In der Bergidylle des Berner Oberlands in der Schweiz arbeiten Gründer Samuel Klaus und sein Team daran, die Zucht von Mehlwürmern als Lebensmittel einfacher, unabhängiger und effizienter zu machen. Mit seinem Startup „Boxfarm“ will er Aufzuchtboxen entwickeln und anbieten, in denen Mehlwürmer energieunabhängig und ortsungebunden dort lokal produziert werden können, wo sie auch als Lebensmittel weiterverarbeitet werden. Das soll Produzenten unabhängiger machen und Transportwege sparen.

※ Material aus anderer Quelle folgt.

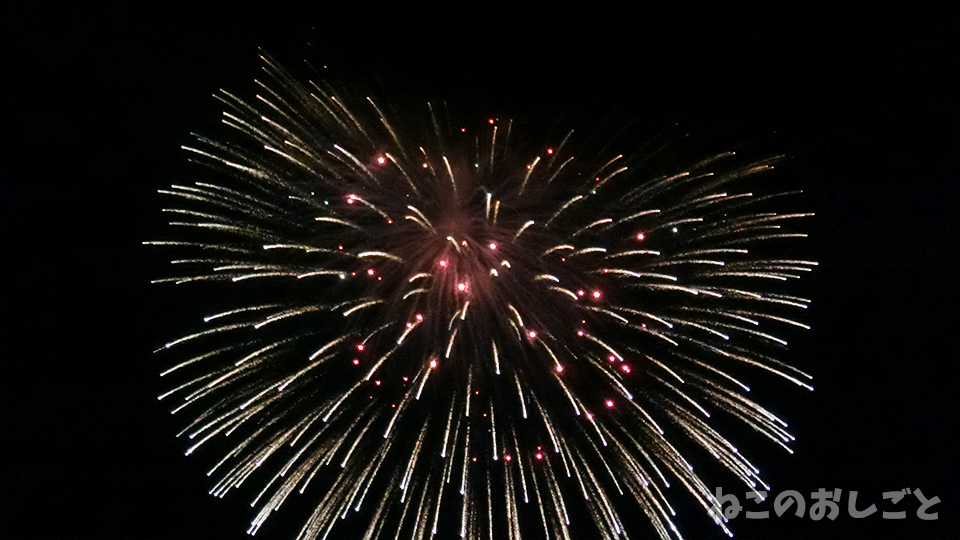 f:id:necozuki299:20190803204543j:plain f:id:necozuki299:20190803204543j:plain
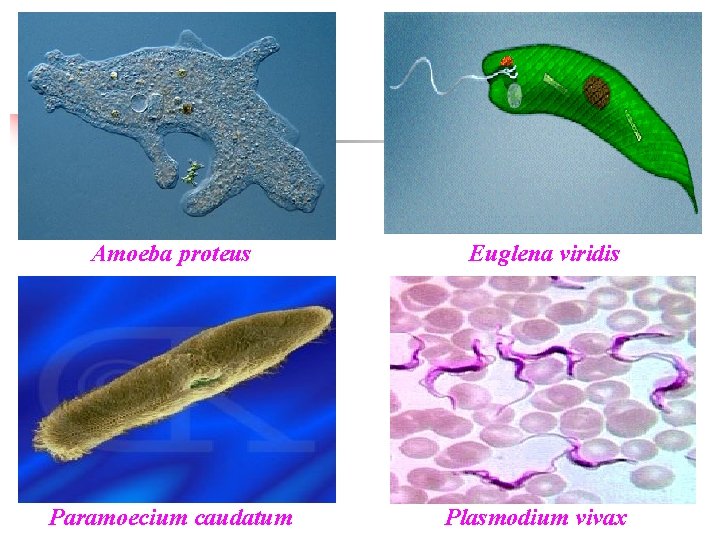 Amoeba proteus Paramoecium caudatum Euglena viridis Plasmodium vivax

Mehlwurmzucht im Container
Dafür entwickelt das Startup ein Containersystem, in dem sowohl die Zucht als auch die Weiterverarbeitung der Mehlwürmer Platz finden sollen. Das System besteht aus ausrangierten und lebensmitteltauglichen 40-Fuß-Containern. Die Energieversorgung soll umweltverträglich über Photovoltaikanlagen an den Containern erfolgen, eine Extrastromversorgung könnte damit entfallen.
Eigene Futterproduktion im Kreislaufsystem
Zudem soll das System flexibel einsetzbar sein: So soll es in individueller Größe lokal beim weiterverarbeitenden Unternehmen aufgestellt werden können, wodurch lange Transportwege wegfallen und die Lebensmittel tagesfrisch verarbeitet werden könnten. Als Erweiterung soll außerdem eine Regenwasseraufbereitung integriert werden. Eigene Feuchtfuttermittel soll man in horizontalen Gärten produzieren können, die wiederum mit den Ausscheidungen der Mehlwürmer gedüngt werden. Als Kunden für das System kommen laut Samuel Klaus sowohl Privat- als auch gewerbliche Großabnehmer in Frage.
Start-Finanzierung via Kickstarter
Um das nötige Startkapital für das Projekt zu sammeln, hat Boxfarm letzte Woche eine Kickstarter-Kampagne gestartet. Das Finanzierungsziel beträgt knapp 215.000 EUR. Die Unterstützungspakete reichen von der Probierpackung Mehlwürmer über T-Shirts bis zur Sponsorentafel am ersten Container, der nach aktuellem Plan im September in Frutingen in der Schweiz aufgestellt werden soll. Mit der ersten Container-Zucht will Boxfarm dann im Oktober starten.
Schweiz Vorreiter bei Speiseinsekten
Die Schweiz ist in vielerlei Hinsicht Vorreiter beim Thema Speiseinsekten. Am 1. Mai 2017 hat die Schweizer Lebensmittelsicherheitsbehörde BLV Mehlwürmer, Hausgrillen und Wanderheuschrecken als Lebensmittel sowie Zutat in bestimmten verarbeiteten Lebensmitteln zugelassen. Industrie- und Handelsunternehmen wie Coop, Essento und Micarna bieten erste Insektenprodukte an. In der EU gibt es eine vergleichbare Zulassung bisher nicht. Bislang hat kein Insekt beziehungsweise Insektenprodukt einen Eintrag in der sogenannten Unionsliste, die zugelassene neuartige Lebensmittel verzeichnet.
Zulassung von Insekten als Lebensmittel in der EU
Die Lebensmittelsicherheitsbehörde der EU, EFSA, aber rechnet im Jahr 2018 mit mindestens 10 Zulassungsanträgen für Speiseinsekten, so ein Behördenvertreter im Deutschlandfunk. Inwiefern es – wie in der Schweiz – Mehlwurm, Hausgrille und Wanderheuschrecke sein werden, die als erstes eine EU-Zulassung erhalten, bleibt offen. Den EU-Markt hat Boxfarm-Gründer Samuel Klaus dennoch bereits im Visier.